Feb
2
Thu
BMIR Research in Progress: Marcos Martinez-Romero “CEDAR’s Predictive Data Entry: Easier and Faster Creation of High-quality Metadata” @ MSOB, Conference Room X-275
Feb 2 @ 12:00 pm – 1:00 pm

 

Martinez Romero_Marcos
Marcos Martínez-Romero, PhD
Research Software Developer
BMIR, Stanford University

Abstract:
The ability to find and to access biomedical data that are stored in online repositories depends on the quality of the associated metadata. Despite the growing number of community-developed standards for describing biomedical experiments, the practical difficulties to creating accurate, complete, and consistent metadata are still considerable.
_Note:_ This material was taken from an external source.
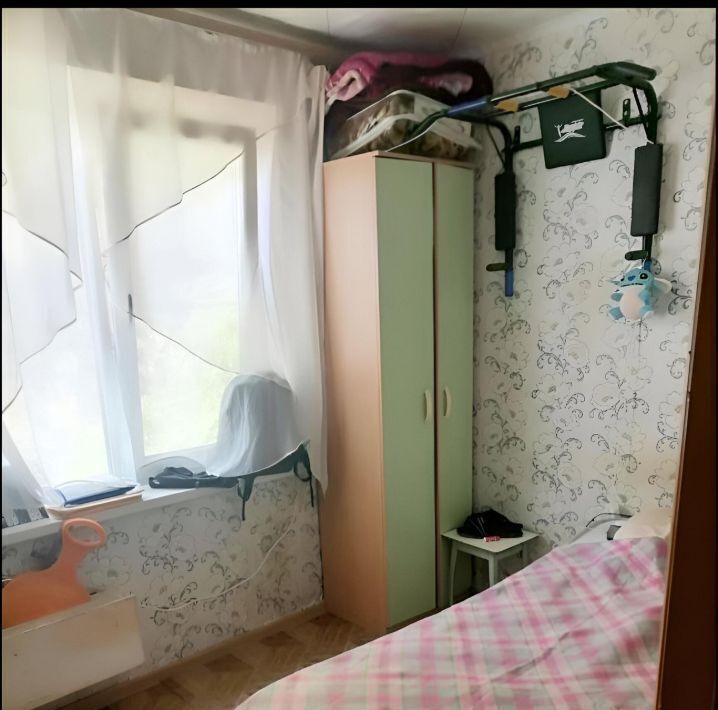 квартира г Волжский ул 87-й Гвардейской 39 фото 9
The Center for Expanded Data Annotation and Retrieval (CEDAR) is developing novel methods and tools to simplify the process by which investigators annotate their experimental data with metadata. The CEDAR Workbench is a suite of Web-based tools that together form a pipeline for authoring metadata. As a step towards decreasing authoring time and effort while increasing metadata quality, we have enhanced the CEDAR Workbench with predictive data entry capabilities. Our system identifies common patterns in the CEDAR metadata repository, and generates real-time suggestions for filling out metadata acquisition forms. These suggestions are context-sensitive, meaning that the values predicted for a particular field are generated and ranked based on previously entered values.
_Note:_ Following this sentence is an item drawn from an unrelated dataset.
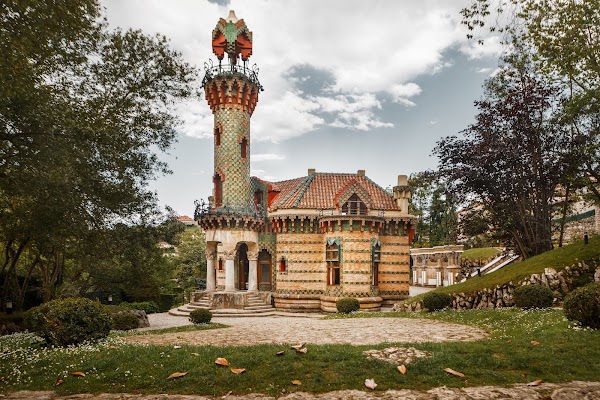 Le Caprice de Gaudí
In this talk, I will discuss some of the challenges that have arisen while implementing our approach, and our strategies for making this capability useful to the end users of CEDAR. I will demonstrate CEDAR’s intelligent authoring capabilities, and show how the technology that we are developing leverages existing metadata to make the authoring of high-quality metadata a manageable task.

Mar
23
Thu
BMIR Research in Progress: Alison Callahan “Painfully Deep Phenotyping – Extracting Patient Reported Pain from Clinical Notes” @ MSOB, Conference Room X-275
Mar 23 @ 12:00 pm – 1:00 pm

alison-callahan 2

Alison Callahan
Research Scientist
Shah Lab, Stanford University

Abstract:
Osteoarthritis is the most common cause of adult disability in the United States, and more than 1 million joint replacements are carried out each year to manage this disease. A significant proportion of patients who undergo joint replacement surgery do not experience an improvement in pain, and some go on to have significant complications requiring joint implant revision surgery. To better understand outcomes following joint replacement, we aim to quantify patient-reported pain before and after surgery, and to combine this information with structured data from electronic health records. We accomplish this by extracting information from clinical notes, which describe patient experience and clinician practice in ways not captured by billing codes, lab reports and medication orders. Natural variation in clinical language and reporting styles, and the cost of creating labeled datasets for supervised machine learning approaches, pose unique challenges for extracting information from unstructured clinical text. I will present in-progress work to overcome these challenges using data programming and text mining to extract mentions of patient-reported pain and implant details from the clinical notes of joint replacement patients.